É com satisfação que estamos colocando à disposição do público, particularmente do mundo acadêmico, mais um número da Revista Brasileira de Educação (RBE) que, assim, guarda adequada periodicidade e cumpre o importante papel de veículo de divulgação/socialização de reflexões que decorrem de estudos e pesquisas sobre temas e problemas candentes no campo educacional do Brasil e do mundo.

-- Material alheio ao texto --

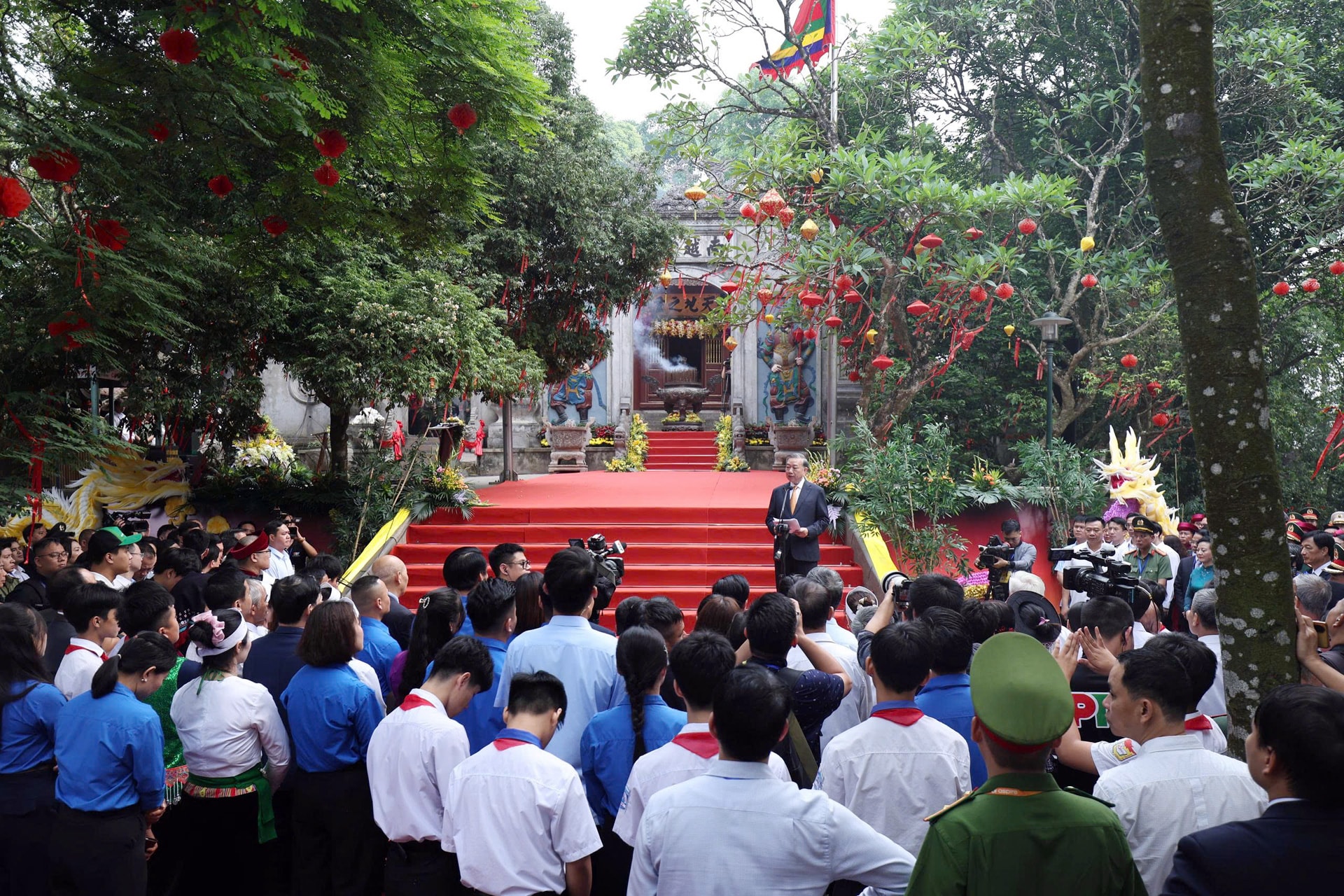 Tổng Bí thư, Chủ tịch nước Tô Lâm nói chuyện thân mật với bà con nhân dân tham dự lễ dâng hương các Vua Hùng. Ảnh: BTC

Na atual conjuntura mundial, marcada pela crise econômica que emana dos países centrais, a questão dos vínculos entre o processo de desenvolvimento e os processos educativos tem voltado à cena com todo o vigor. A Associação Nacional de Pós-Graduação e Pesquisa em Educação (ANPEd) não tem se furtado a este debate. Um exemplo de tal prática foi sua participação na I Conferência de Desenvolvimento (I CODE), promovida pelo Instituto de Pesquisa Econômica Aplicada (IPEA) no mês de novembro de 2010. O objetivo da CODE, que este ano terá a sua segunda edição, é criar um espaço nacional de debates sobre o tema, envolvendo a sociedade civil.

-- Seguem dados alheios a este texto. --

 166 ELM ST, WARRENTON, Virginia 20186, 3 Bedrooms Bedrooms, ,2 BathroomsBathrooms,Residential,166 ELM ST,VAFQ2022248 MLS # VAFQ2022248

A participação da Associação no evento efetivou-se por meio da organização de mesa-redonda sobre o binômio educação e o desenvolvimento econômico, coordenada por Eliza Bartolozzi Ferreira, cuja composição contou com as contribuições dos pesquisadores Lúcia Bruno (USP), Paulo Corbucci (IPEA) e Luiz Antônio Cunha (UFRJ). Os respectivos textos abrem a seção de artigos deste número da Revista, abordando a temática a partir de referenciais teóricos distintos e de diferentes ângulos, pondo em prática o princípio salutar da pluralidade democrática que rege a ANPEd e, por conseguinte, a política editorial da RBE.

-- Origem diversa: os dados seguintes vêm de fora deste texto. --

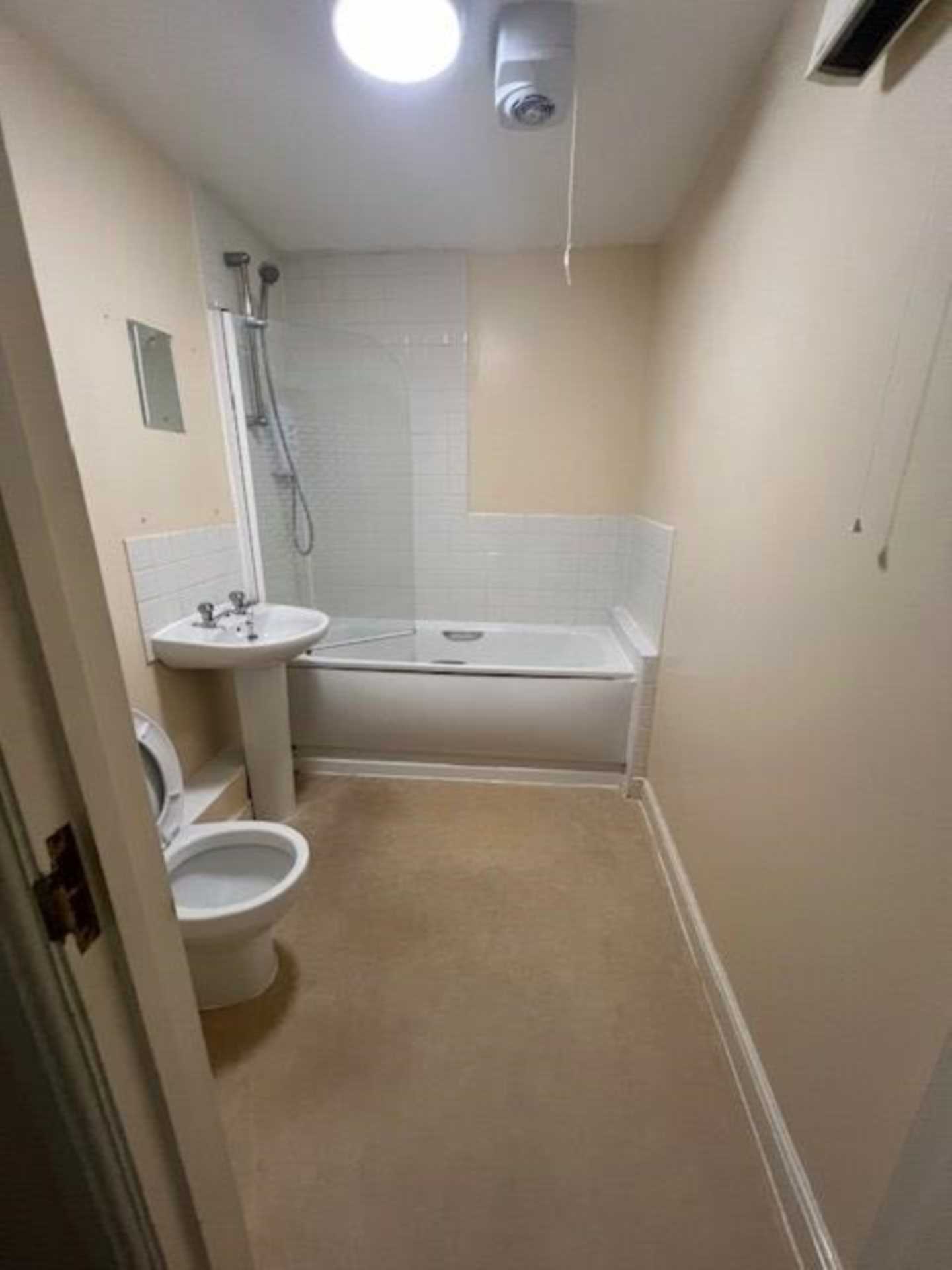 Kingsburn Court, Manchester, Image 5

No artigo "Educação e desenvolvimento econômico no Brasil", Lúcia Bruno utiliza-se da construção marxiana sobre a Lei do Valor para fazer a análise do tema a partir dos parâmetros em que se inserem a produção e a reprodução da força de trabalho, destacando os vínculos entre as mudanças nas políticas de educação e os requerimentos postos pela reorganização do mundo capitalista a partir dos anos de 1980. Em tal contexto, põe em xeque premissas da Teoria do Capital Humano e focaliza analiticamente aspectos referentes à resistência de professores e alunos em relação às práticas escolares guiadas por essa perspectiva. "Dimensões estratégicas e limites do papel da educação para o desenvolvimento brasileiro" é o recorte que Paulo Corbucci realiza para discutir o tema, abordando-o no contexto atual da sociedade brasileira, tendo por referente os condicionantes advindos de uma economia globalizada e das características histórico-estruturais da nossa realidade. Neste quadro, com base na análise de dados produzidos pelo Instituto Brasileiro de Geografia e Estatística (IBGE) e pelo Instituto Nacional de Estudos e Pesquisas Educacionais Anísio Teixeira (INEP), examina os limites e potencialidades da educação no sentido de transformar o país "em uma nação economicamente dinâmica e socialmente justa", sem adotar, contudo, uma concepção linear que vincula mecanicamente os níveis de escolaridade da população aos níveis de desenvolvimento e, portanto, sem creditar somente à educação a prerrogativa de promover transformações.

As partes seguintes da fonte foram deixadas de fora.